• ASSIGNMENT
Nothing but the lines below from the one that contains "Seiko SSH119J1 Astron" through the one that contains "MAZDA CX-80: EL" should be retyped, exactly and including both ends. Do not include pictures.

• PROVIDED RECORDS
===============

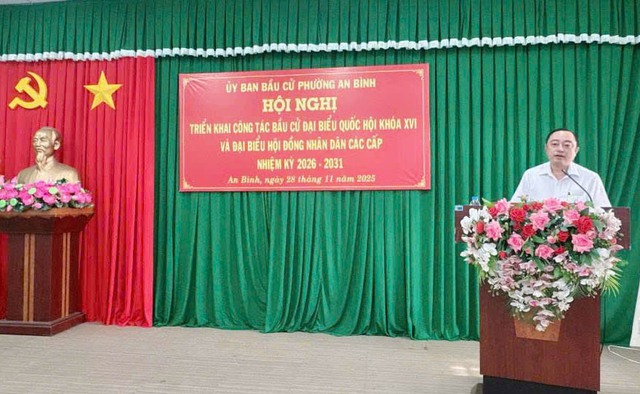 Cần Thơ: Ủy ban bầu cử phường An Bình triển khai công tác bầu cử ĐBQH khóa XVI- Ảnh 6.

===============

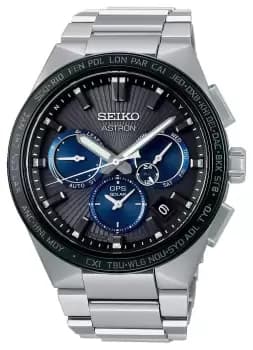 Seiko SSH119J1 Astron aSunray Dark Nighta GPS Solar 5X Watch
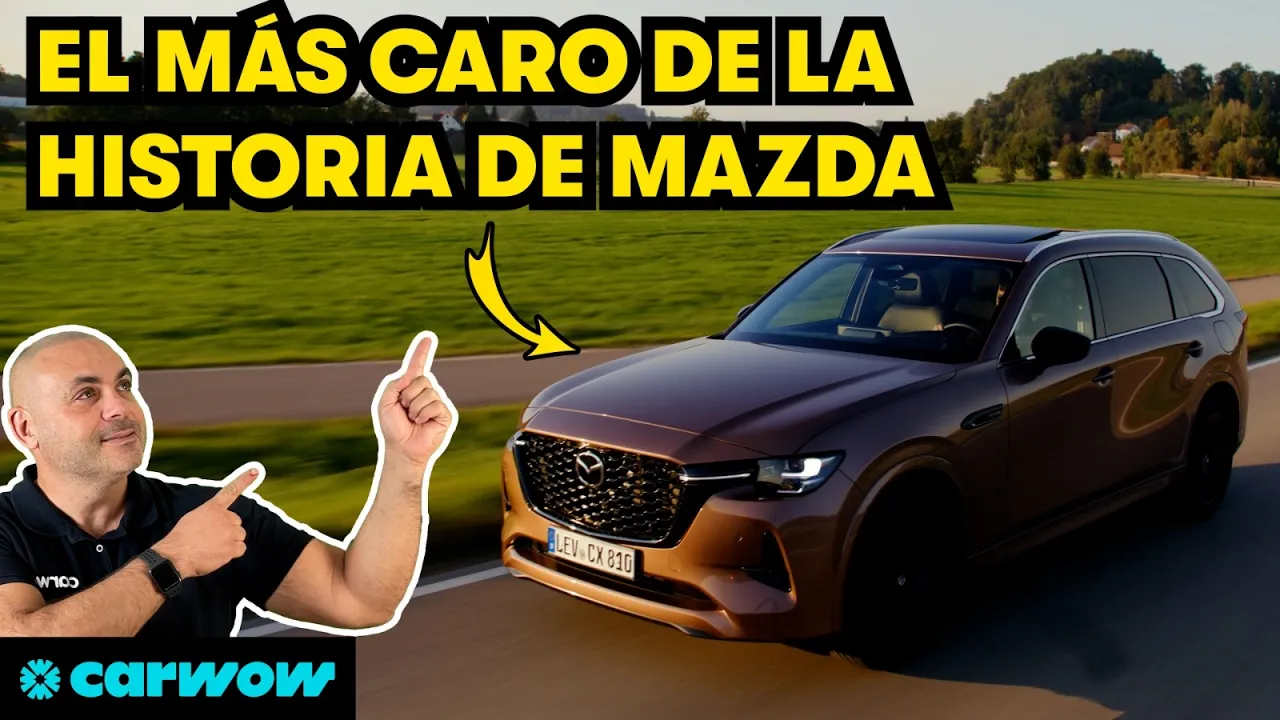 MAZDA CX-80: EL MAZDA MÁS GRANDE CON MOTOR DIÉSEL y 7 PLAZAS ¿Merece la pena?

===============

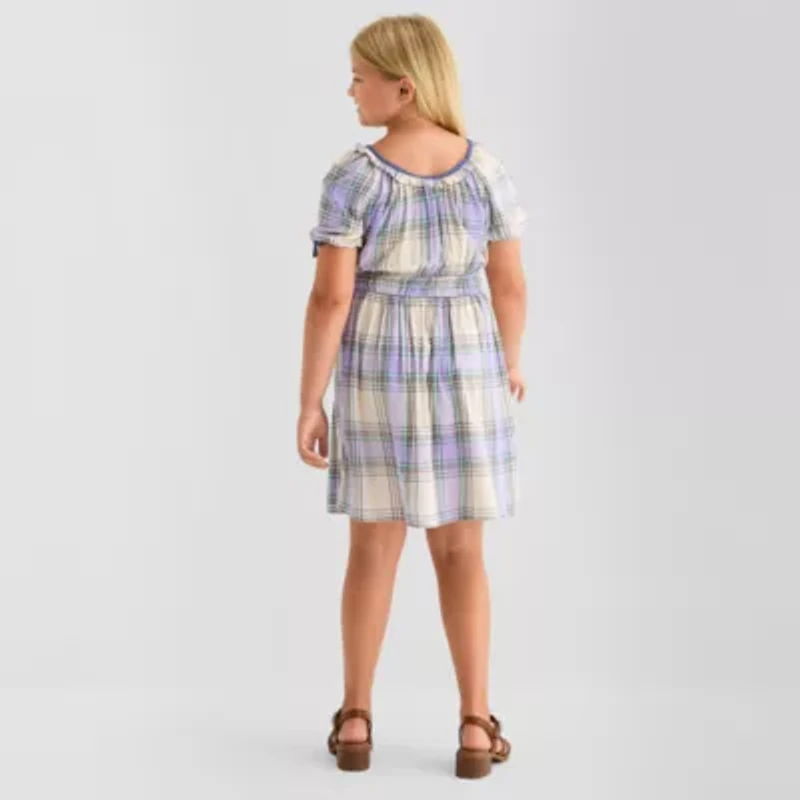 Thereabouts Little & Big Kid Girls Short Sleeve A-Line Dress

===============

• SOLUTION TO THE EXERCISE
 Seiko SSH119J1 Astron aSunray Dark Nighta GPS Solar 5X Watch
 MAZDA CX-80: EL MAZDA MÁS GRANDE CON MOTOR DIÉSEL y 7 PLAZAS ¿Merece la pena?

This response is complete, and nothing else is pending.